The reason Pope Francis appears radical to our eyes is because he accurately conveys the radicalism of the founding message:  stop visiting violence on everything you see.   What’s more, he understands that violence is not just about bloodshed, but is a much more pervasive violation of the integrity and dignity of almost every living thing.   “The poverty and austerity of Saint Francis were no mere veneer of asceticism, but something much more radical: a refusal to turn reality into an object simply to be used and controlled.”

Radical, indeed.

In our Francis’ way of looking at it, climate change is less of a technological problem, an unintended consequence of industrialism, than direct result of grotesque inequality and willful injustice.  The economic, technological and social engines that fill the sky with carbon could not accomplish that work without the free reign to impoverish, loot, and despoil the billions of human and nonhuman lives which are powerless to resist.
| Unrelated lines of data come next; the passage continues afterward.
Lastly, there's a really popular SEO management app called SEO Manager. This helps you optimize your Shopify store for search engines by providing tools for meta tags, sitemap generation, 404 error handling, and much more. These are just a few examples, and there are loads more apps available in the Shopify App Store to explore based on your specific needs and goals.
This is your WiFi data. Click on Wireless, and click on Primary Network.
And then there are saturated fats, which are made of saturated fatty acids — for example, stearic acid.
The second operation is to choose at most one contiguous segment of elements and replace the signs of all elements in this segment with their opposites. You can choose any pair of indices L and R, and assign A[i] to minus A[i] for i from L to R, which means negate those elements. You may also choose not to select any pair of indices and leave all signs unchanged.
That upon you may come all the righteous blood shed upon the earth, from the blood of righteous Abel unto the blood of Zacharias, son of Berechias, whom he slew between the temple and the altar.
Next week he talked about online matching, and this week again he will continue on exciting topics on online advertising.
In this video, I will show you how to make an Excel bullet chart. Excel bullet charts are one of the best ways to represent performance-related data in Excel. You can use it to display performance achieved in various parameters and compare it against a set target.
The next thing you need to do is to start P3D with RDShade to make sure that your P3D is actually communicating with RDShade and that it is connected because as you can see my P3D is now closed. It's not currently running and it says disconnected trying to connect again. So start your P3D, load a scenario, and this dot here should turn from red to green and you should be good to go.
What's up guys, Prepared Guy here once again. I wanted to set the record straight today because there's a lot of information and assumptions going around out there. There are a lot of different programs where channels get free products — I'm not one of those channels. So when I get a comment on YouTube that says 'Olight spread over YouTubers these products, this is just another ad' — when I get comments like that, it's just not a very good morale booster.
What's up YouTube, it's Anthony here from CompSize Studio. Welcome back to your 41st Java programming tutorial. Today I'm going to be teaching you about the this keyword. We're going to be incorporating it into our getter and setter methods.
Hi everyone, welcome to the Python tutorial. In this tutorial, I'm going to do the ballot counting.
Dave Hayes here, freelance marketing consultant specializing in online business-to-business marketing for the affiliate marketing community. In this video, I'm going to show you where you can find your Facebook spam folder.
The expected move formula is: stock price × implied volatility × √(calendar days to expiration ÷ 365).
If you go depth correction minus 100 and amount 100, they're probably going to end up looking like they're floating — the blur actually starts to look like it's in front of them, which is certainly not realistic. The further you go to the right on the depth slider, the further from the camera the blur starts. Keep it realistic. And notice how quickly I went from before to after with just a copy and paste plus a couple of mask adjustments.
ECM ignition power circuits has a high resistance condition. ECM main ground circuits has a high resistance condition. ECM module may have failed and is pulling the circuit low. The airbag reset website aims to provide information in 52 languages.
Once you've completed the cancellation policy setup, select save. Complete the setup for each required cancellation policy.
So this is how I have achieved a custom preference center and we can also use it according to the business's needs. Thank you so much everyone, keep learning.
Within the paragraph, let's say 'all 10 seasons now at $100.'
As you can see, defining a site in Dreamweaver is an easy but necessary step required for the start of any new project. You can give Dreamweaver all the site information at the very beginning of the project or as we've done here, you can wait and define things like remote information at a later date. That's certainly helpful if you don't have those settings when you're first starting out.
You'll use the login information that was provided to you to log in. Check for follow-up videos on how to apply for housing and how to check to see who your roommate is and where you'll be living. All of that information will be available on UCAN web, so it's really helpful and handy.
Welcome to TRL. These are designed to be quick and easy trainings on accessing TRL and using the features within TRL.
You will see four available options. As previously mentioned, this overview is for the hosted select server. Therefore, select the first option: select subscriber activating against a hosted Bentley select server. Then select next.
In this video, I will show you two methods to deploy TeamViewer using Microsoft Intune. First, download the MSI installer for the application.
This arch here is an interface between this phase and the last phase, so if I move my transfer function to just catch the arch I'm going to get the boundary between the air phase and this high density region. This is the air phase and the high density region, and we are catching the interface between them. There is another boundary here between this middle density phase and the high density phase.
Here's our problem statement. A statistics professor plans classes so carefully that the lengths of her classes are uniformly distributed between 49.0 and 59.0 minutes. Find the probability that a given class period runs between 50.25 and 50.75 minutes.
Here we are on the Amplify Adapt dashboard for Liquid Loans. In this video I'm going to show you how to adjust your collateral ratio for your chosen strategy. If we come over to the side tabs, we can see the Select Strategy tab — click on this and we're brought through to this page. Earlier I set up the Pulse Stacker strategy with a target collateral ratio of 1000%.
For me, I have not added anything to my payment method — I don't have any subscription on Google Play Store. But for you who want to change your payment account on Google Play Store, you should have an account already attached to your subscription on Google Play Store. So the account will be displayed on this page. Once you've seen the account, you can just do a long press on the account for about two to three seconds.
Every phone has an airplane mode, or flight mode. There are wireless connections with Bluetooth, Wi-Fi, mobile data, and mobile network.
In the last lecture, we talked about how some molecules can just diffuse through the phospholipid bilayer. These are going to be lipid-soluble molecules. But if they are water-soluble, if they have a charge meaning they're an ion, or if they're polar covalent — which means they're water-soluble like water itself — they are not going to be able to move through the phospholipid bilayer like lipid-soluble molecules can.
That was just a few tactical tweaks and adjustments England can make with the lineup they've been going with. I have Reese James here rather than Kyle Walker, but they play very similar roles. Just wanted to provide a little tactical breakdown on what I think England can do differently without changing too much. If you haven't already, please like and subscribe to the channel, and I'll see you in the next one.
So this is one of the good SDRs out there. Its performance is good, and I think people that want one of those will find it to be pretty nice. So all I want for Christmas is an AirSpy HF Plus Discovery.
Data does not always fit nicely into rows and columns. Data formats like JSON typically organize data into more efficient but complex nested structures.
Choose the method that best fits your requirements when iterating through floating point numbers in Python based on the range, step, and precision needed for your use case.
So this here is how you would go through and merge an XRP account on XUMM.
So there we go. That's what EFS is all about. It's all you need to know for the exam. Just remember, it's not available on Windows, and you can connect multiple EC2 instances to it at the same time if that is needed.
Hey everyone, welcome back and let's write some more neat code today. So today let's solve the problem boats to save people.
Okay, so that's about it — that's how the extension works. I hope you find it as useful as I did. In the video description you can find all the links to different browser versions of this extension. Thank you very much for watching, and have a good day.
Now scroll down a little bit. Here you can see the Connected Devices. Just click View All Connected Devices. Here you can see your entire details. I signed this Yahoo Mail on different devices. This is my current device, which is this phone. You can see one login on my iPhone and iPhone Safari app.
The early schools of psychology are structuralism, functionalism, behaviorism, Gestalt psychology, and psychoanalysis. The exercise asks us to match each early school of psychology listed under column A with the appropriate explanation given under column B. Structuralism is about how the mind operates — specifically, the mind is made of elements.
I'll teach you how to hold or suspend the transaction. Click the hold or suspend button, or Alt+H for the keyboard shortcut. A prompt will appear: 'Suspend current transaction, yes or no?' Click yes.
C.S. Lewis, Oxford don, author of Chronicles of Narnia and no stranger to pondering the intersection of humanity and religion, deftly captured both the fable of progress and the meaning beneath:  “What we call Man’s power over Nature turns out to be a power exercised by some men over other men with Nature as instrument.”

Francis, viewing the damage done to the biosphere and the grave inequality and suffering endemic to the globe after centuries of “lift all boats” capitalism, correctly understands that “a true ecological approach always becomes a social approach; it must integrate questions of justice in debates on the environment, so as to hear both the cry of the earth and the cry of the poor.”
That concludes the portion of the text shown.